Please write out exactly the lines from the one with "FSL佛山照明 E14 3W銀色白/黃LED尖泡(限時促銷,僅限今天)正品工廠,批發,進口,代購" through the end of the data below, both ends included, and omit any pictures.

[Available data Boundary: Start]

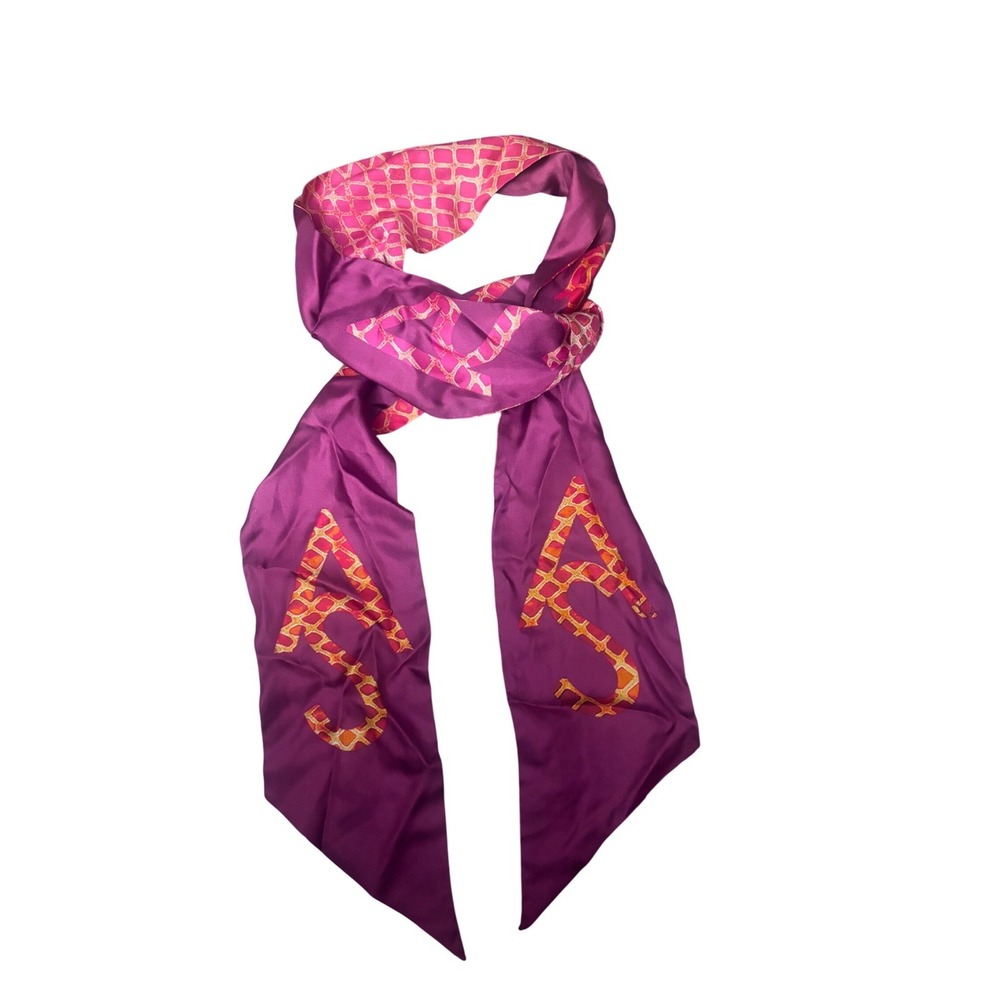 All‎ Saints Silk Long Skinny Scarf Pink and Orange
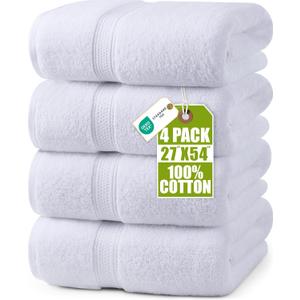Utopia Towels 4 Pack Premium Bath Towels Set, 27 by 54 Inches, 100% Ring Spun Cotton 600GSM, Lightweight and Highly Absorbent Quick Drying Towels, Perfect for Daily Use, White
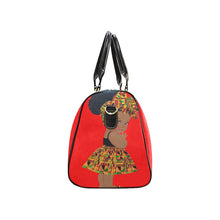 Load image into Gallery viewer, Custom Diaper Tote Bag - Ethnic Super Cute African American Baby Girl - Bright Red Travel Tote Baby Bag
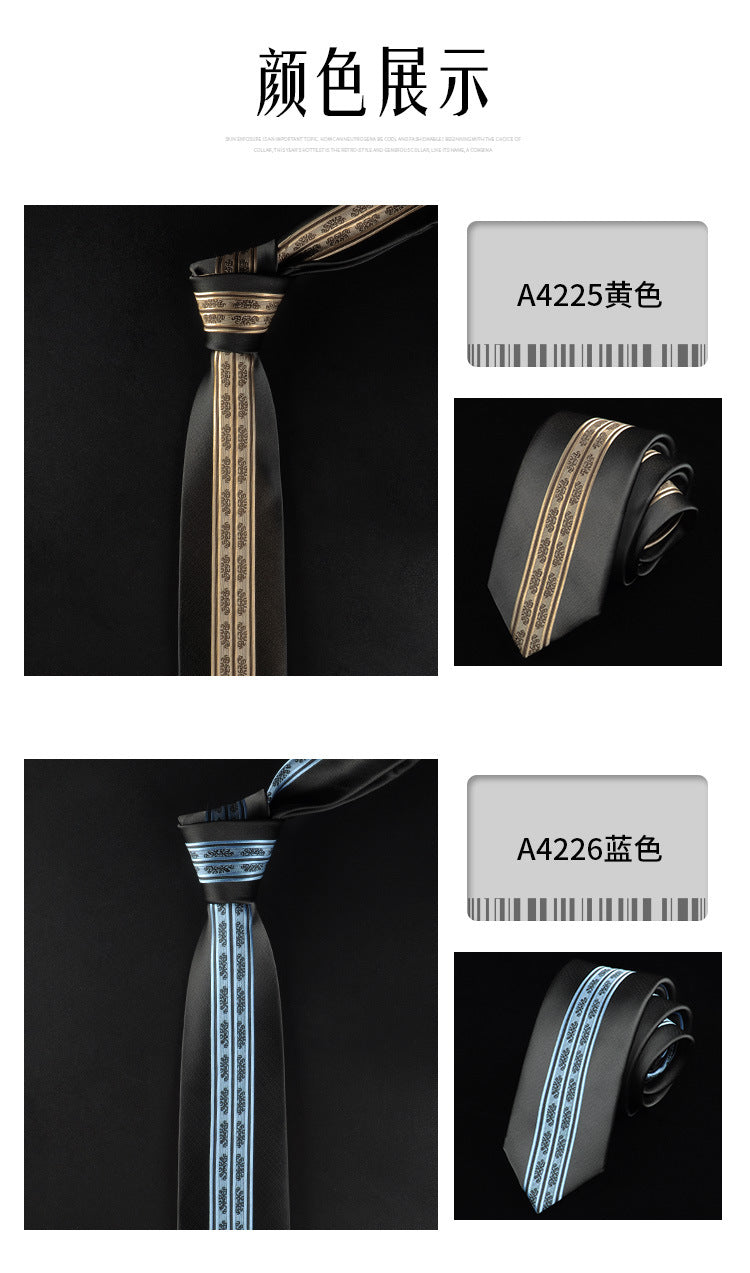 Casual Tie Men's Korean-style Narrow 6cm Black Red Positioning Stripe Men's Business Dress Professional Small Tie
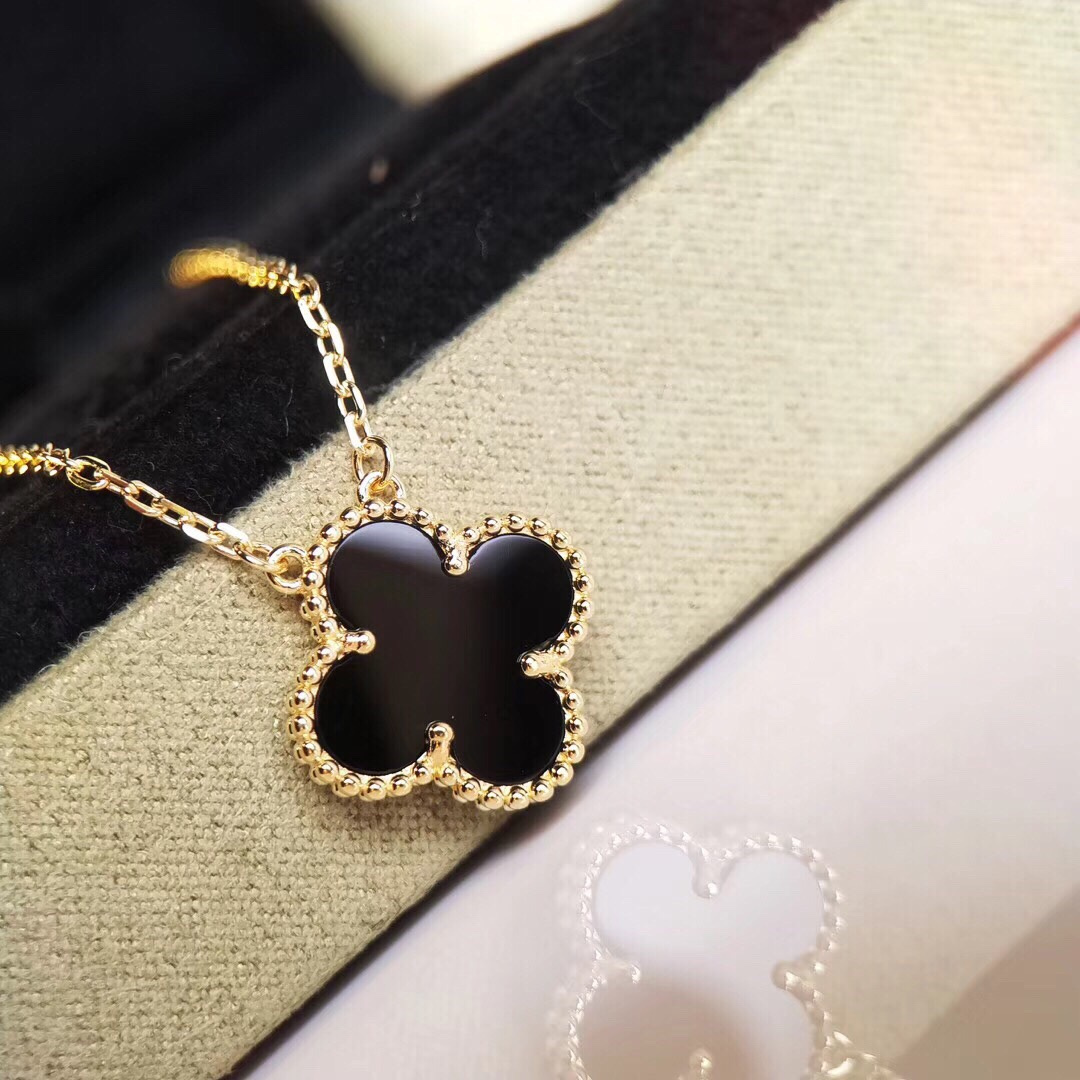 高仿首飾VanCleef&Arpels*RA45800四葉草黑瑪瑙頸鏈中號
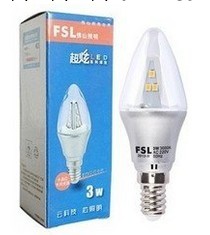 FSL佛山照明 E14 3W銀色白/黃LED尖泡(限時促銷,僅限今天)正品工廠,批發,進口,代購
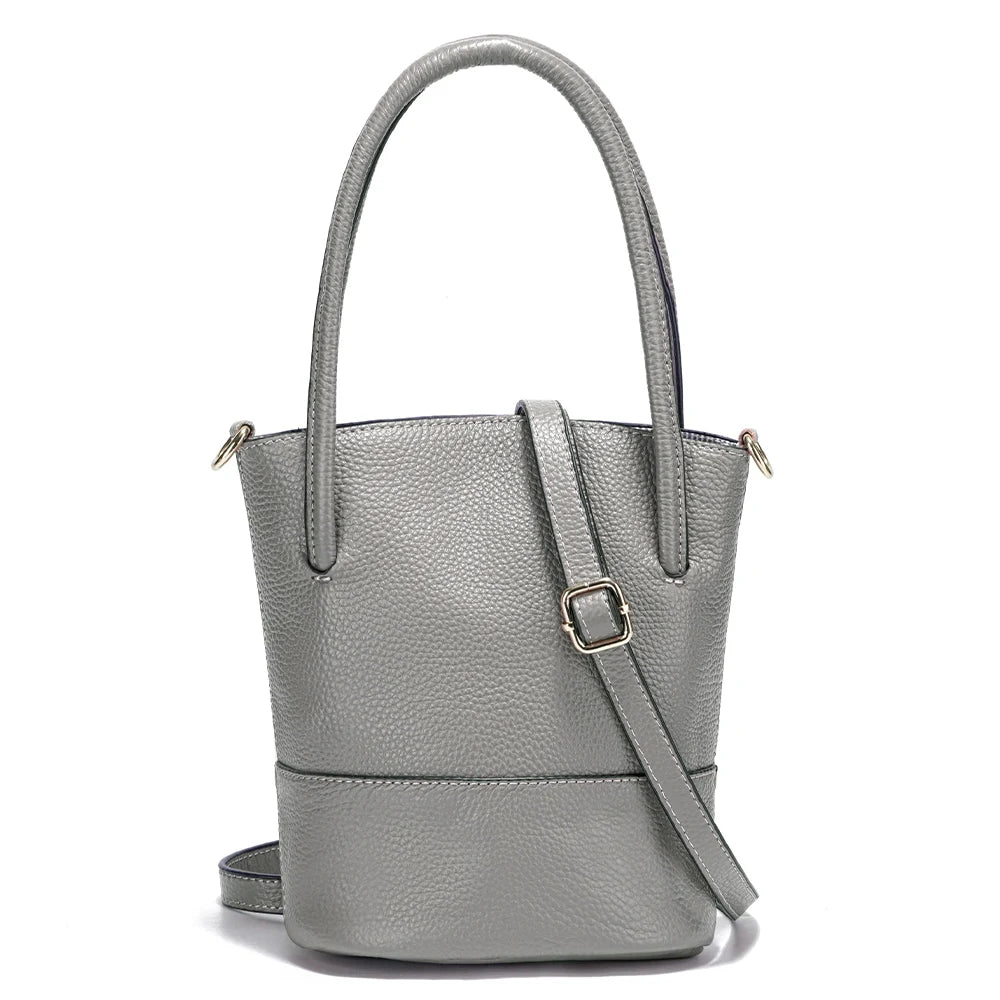 Zency Women Summer Handbag Shoulder Soft Leather Casual Bucket Bags Large Capacity Simple Small Purse For Phone Beige Grey Black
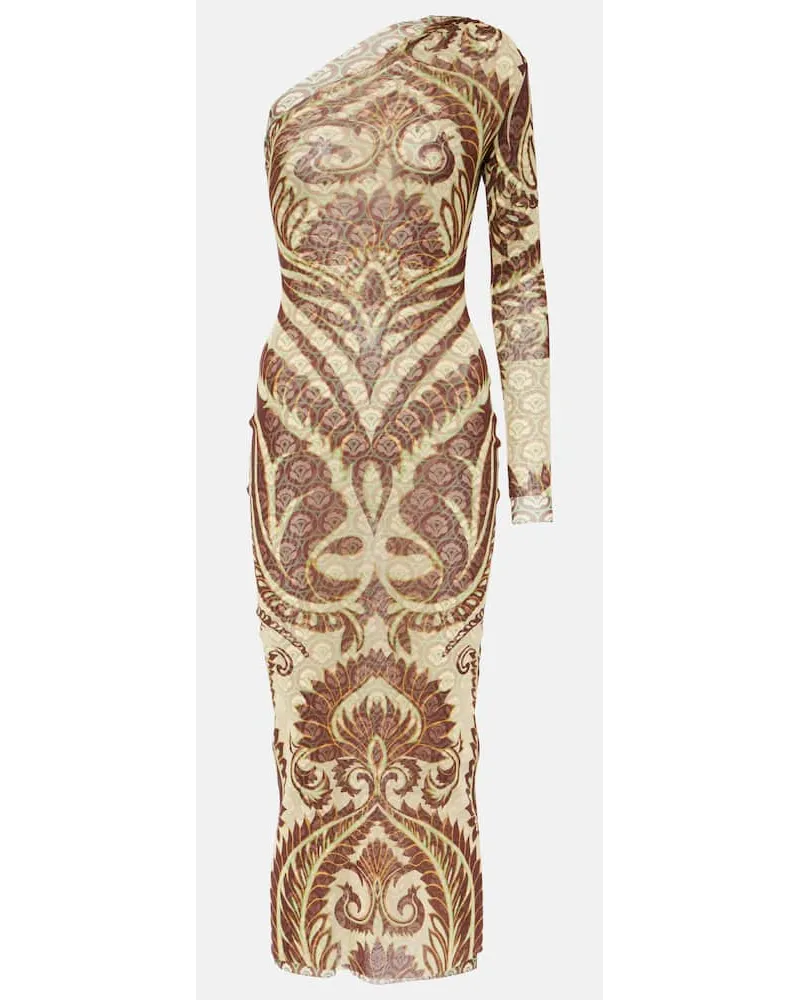 Etro Abito midi asimmetrico con stampa Multicolore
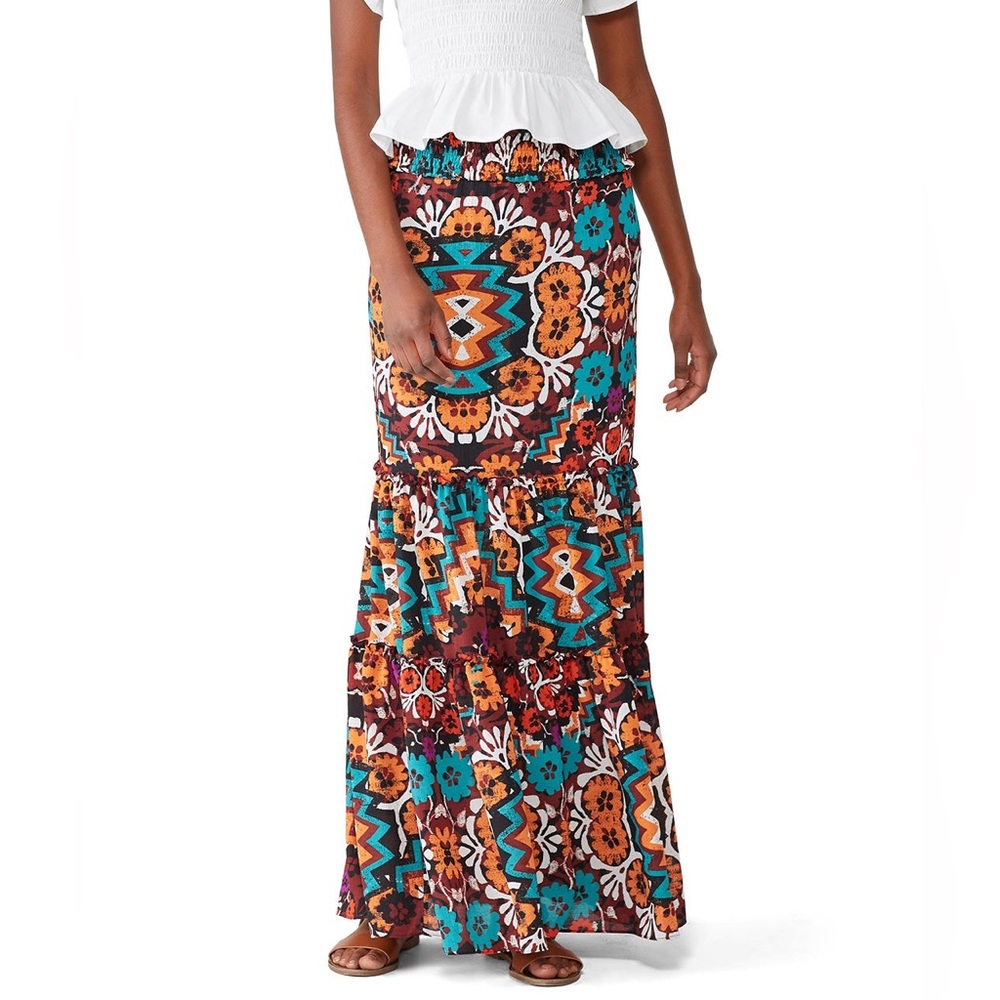 Josie Size Large Multi Orange Red Teal Paradise Printed Bohemian Maxi Skirt geo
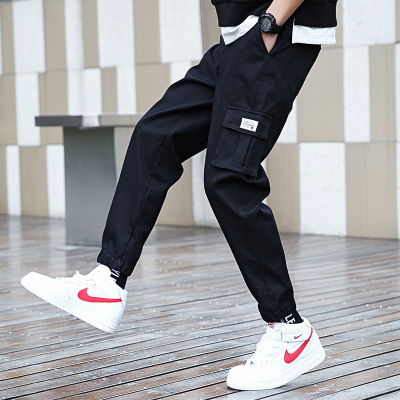 富贵鸟（FUGUINIAO）男士工装裤学生宽松束脚休闲裤潮牌青少年九分裤子男潮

[Available data Boundary: End]

__Reply to the exercise__:
 FSL佛山照明 E14 3W銀色白/黃LED尖泡(限時促銷,僅限今天)正品工廠,批發,進口,代購
 Zency Women Summer Handbag Shoulder Soft Leather Casual Bucket Bags Large Capacity Simple Small Purse For Phone Beige Grey Black
 Etro Abito midi asimmetrico con stampa Multicolore
 Josie Size Large Multi Orange Red Teal Paradise Printed Bohemian Maxi Skirt geo
 富贵鸟（FUGUINIAO）男士工装裤学生宽松束脚休闲裤潮牌青少年九分裤子男潮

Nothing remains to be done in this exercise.